_Task to carry out_
Every line in the records below that holds "Matching" must be identified and copied.

[Data in this exercise]

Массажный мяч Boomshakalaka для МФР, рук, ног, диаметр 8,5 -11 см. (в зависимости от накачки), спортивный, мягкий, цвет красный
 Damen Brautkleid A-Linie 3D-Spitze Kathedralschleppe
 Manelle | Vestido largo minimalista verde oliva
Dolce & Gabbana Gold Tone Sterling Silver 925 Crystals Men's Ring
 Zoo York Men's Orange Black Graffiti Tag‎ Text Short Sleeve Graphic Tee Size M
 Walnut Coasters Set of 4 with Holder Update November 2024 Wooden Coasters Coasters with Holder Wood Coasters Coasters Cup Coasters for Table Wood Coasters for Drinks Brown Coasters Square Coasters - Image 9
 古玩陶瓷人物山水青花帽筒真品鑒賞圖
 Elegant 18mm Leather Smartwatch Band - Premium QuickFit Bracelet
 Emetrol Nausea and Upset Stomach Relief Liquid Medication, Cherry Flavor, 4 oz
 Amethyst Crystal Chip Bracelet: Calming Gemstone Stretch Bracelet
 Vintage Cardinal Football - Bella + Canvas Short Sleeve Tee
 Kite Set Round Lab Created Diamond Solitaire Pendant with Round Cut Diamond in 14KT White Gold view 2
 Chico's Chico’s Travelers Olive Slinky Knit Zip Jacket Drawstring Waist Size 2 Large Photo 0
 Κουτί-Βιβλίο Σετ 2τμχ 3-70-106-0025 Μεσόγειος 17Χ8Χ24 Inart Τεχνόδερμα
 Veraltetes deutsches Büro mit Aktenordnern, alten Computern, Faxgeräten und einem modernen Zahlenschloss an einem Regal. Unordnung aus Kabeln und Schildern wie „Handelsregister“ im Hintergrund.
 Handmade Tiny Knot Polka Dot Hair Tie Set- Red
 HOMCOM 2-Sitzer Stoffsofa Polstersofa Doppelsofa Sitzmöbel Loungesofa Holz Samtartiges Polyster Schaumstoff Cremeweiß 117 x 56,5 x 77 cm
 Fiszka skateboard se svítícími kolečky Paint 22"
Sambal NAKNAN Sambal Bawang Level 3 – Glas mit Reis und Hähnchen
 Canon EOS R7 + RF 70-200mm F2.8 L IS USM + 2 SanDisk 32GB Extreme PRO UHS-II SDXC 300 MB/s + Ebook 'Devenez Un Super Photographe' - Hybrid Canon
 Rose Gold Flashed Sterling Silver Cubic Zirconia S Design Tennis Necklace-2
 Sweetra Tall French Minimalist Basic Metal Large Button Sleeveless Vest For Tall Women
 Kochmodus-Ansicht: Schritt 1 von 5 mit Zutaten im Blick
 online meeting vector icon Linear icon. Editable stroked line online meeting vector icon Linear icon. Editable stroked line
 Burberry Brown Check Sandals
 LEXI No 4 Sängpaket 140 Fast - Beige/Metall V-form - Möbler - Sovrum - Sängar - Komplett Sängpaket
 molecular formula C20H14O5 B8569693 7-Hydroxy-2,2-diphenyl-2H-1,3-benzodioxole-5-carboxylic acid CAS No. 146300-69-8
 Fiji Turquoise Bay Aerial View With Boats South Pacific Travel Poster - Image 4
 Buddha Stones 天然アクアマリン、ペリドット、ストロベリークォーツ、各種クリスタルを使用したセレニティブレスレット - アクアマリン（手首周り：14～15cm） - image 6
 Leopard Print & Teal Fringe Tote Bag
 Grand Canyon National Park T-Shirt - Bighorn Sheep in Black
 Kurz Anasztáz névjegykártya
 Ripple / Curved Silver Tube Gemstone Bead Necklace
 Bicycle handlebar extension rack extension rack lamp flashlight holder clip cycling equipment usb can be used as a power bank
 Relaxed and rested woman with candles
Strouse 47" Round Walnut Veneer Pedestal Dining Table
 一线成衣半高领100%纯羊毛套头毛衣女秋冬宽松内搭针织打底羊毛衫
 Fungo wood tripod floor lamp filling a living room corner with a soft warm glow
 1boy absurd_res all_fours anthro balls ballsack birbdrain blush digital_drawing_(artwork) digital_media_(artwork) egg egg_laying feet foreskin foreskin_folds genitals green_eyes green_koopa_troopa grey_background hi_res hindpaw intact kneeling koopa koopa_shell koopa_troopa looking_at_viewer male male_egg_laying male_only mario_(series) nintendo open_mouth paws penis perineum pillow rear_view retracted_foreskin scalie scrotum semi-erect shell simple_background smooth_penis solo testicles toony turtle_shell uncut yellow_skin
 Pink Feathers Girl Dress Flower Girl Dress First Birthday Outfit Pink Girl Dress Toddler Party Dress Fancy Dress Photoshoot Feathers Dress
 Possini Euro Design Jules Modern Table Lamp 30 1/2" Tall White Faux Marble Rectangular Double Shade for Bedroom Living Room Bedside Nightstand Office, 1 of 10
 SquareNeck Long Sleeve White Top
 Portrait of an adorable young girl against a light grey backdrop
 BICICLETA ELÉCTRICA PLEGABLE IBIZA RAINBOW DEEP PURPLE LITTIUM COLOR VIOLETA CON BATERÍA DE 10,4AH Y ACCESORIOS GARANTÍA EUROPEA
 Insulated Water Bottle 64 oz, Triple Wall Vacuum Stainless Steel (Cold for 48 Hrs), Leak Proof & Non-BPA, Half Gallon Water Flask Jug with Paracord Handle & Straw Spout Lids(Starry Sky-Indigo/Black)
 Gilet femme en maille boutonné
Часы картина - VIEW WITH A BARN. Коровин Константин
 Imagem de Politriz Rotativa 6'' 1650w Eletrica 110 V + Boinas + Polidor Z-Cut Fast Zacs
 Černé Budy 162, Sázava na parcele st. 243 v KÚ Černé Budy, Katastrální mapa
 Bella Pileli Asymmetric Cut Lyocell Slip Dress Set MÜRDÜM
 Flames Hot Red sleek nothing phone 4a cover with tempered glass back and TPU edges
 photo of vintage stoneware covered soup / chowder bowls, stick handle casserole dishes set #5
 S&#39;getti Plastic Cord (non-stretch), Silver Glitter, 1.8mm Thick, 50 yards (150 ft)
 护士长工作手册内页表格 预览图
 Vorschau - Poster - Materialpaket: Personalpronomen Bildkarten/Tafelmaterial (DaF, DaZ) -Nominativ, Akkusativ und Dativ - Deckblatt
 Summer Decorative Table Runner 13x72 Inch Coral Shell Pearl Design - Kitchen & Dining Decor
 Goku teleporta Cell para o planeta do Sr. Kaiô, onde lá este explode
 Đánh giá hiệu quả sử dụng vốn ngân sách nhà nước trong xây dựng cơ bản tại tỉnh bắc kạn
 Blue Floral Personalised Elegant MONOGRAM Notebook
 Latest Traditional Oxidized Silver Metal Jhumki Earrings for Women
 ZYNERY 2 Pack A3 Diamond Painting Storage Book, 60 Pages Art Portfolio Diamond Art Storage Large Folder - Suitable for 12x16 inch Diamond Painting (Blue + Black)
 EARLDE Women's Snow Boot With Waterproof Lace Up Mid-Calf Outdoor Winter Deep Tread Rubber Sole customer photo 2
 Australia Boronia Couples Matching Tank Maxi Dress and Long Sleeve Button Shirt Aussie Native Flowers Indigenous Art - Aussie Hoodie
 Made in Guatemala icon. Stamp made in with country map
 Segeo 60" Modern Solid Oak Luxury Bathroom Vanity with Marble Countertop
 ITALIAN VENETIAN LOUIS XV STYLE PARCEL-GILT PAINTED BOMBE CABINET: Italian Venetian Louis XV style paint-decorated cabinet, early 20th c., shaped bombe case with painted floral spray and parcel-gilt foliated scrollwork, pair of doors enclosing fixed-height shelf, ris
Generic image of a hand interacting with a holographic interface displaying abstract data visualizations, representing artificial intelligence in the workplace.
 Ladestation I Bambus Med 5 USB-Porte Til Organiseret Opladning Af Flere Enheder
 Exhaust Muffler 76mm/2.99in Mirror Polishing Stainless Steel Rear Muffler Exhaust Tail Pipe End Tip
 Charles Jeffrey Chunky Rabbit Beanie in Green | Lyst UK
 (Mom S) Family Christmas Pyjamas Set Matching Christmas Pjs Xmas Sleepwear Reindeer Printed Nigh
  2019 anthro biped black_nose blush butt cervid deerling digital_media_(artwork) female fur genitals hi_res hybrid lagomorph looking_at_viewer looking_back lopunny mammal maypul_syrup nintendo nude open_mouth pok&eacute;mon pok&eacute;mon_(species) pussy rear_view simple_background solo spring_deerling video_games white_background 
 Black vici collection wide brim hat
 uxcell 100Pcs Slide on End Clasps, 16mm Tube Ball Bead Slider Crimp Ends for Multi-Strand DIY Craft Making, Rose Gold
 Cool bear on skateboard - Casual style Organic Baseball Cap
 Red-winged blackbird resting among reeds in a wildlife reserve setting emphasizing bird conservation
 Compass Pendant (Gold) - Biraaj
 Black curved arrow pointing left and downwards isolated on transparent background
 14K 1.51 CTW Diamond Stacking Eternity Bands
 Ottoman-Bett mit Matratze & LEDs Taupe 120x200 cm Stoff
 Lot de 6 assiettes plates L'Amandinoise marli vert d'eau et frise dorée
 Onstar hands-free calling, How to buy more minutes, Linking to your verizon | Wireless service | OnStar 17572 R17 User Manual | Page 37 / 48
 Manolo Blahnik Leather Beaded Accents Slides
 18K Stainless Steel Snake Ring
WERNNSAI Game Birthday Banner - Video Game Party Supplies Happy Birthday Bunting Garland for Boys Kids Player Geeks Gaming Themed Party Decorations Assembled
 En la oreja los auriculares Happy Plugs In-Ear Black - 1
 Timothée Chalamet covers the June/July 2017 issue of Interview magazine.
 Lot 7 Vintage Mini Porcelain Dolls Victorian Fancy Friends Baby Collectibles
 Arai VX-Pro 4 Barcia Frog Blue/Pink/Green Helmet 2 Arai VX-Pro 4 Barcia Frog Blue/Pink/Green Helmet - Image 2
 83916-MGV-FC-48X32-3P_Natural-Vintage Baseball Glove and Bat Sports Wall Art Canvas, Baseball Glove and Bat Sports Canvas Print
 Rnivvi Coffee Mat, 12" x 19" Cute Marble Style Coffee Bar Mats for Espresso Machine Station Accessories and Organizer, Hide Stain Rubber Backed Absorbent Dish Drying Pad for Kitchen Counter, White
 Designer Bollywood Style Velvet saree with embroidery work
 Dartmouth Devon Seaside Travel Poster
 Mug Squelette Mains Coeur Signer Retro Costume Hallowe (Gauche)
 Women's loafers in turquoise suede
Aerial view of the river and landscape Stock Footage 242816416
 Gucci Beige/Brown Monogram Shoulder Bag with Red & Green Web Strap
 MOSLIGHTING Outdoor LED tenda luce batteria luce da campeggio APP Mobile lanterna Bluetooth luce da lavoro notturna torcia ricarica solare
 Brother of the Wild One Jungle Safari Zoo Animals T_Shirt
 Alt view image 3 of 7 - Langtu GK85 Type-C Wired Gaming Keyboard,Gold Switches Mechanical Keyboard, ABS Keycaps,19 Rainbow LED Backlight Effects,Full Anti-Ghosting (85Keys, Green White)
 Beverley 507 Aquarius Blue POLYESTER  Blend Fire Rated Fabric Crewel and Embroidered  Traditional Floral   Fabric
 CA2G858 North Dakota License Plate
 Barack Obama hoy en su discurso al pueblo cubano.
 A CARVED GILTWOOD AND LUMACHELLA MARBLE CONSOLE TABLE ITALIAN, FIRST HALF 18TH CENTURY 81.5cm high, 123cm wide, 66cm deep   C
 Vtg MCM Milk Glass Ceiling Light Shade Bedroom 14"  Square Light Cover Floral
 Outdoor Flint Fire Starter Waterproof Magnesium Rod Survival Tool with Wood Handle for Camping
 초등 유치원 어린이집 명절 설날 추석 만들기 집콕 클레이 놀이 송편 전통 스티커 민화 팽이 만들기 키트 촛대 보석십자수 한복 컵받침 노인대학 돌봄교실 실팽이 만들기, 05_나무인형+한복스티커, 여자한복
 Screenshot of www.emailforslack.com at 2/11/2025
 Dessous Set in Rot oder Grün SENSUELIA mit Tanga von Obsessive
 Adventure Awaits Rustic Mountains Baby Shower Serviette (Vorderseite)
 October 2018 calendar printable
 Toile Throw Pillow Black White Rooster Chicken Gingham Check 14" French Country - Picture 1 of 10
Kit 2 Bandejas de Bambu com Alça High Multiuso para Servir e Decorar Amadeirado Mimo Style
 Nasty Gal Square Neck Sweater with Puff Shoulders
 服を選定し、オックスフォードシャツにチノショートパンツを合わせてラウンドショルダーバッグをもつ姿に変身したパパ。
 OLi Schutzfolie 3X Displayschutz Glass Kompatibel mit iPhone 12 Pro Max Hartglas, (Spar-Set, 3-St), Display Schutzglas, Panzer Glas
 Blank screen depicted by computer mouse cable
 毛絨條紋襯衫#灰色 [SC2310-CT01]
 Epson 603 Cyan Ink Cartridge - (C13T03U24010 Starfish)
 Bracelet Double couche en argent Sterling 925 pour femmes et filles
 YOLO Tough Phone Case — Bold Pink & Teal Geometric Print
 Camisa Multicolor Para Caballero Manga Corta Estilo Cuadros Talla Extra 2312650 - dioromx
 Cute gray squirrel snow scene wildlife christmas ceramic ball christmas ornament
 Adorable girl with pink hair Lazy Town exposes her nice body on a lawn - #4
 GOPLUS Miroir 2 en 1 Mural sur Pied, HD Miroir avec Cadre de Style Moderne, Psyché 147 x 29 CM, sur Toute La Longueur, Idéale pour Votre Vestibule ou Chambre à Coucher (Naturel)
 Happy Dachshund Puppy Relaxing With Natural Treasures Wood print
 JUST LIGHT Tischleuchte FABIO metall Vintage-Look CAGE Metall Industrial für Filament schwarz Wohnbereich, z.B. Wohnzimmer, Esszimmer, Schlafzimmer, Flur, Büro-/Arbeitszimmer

[/Data in this exercise]

_Response to this exercise_
 Australia Boronia Couples Matching Tank Maxi Dress and Long Sleeve Button Shirt Aussie Native Flowers Indigenous Art - Aussie Hoodie
 (Mom S) Family Christmas Pyjamas Set Matching Christmas Pjs Xmas Sleepwear Reindeer Printed Nigh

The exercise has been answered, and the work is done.